Sometimes I feel like a terrible blogger. I post sporadically at best, and at other times I struggle with writer’s block.
So when Darren Rowse announced on his Twitter stream that he was organising #PBevent (ProBlogger Event), a bloggers’ training day/conference to be held here in Melbourne, I jumped at the opportunity to grab a ticket.
Now, the speakers had not been announced when the event was launched, and I normally don’t sign up for conferences without knowing who the speakers are. But I bought a ticket anyway because a) the event outline/sales page was appealing; and b) my intuition told me to go.
So I showed up at the event on a rainy Friday morning two weeks ago, and it was definitely well worth the time and expense. There was a good mix of keynotes, workshops and panel discussions available, and I think there was something for everyone.
Personally, I found the sessions on the ‘business’ of blogging to be most useful. In particular, Phoebe Montague of Lady Melbourne presented an incredibly useful talk on working with advertisers and sponsors. I have to admit I had no idea what a media kit was until Phoebe’s talk, but I now know how to prepare one when the time comes.
However, the highlight of the day definitely has be meeting blogger/author Tim Ferriss in person (albeit very briefly).
I nearly fell out of my chair when I found myself sitting two seats away from Tim Ferriss during the last session for the day. I did not recognise him at first until he took off the beanie he was wearing, so I gathered he either wanted to keep a low profile or was there as a surprise guest (which turned out to be the latter).

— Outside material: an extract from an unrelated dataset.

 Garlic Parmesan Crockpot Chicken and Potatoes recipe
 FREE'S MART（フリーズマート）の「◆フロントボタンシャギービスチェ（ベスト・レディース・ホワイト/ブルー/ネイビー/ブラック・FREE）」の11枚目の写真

Now, I wanted to take the opportunity to say hi and introduce myself, but how was I to do this without attracting too much attention and coming across like a rabid fan? Finally I leaned over and whispered, “Excuse me, are you who I think you are?”
“Yes,” Tim whispered back.
“Great, I just wanted to say hi- I’m Gilbert.”
We shook hands and went back to listening to the talk that was going on. Not long afterwards Tim was introduced as a surprise guest and gave did a live interview with Darren on what had worked for him as a blogger. Once again he emphasised the importance of writing ‘evergreen’ content, which remains relevant even years after it is created. It’s definitely an approach I’ll be adopting as much as possible for Kitchen Dojo.
Another lesson I learnt on the day was the importance of networking. Many of the other bloggers I met during the networking breaks had come prepared with business cards, and were actively seeking out the high-profile bloggers they followed and wanted to meet. I realised I definitely need to value the networking opportunities at conferences more.
In all, I left the conference with renewed inspiration and fresh ideas for Kitchen Dojo, and I’m looking forward to finally putting them to work.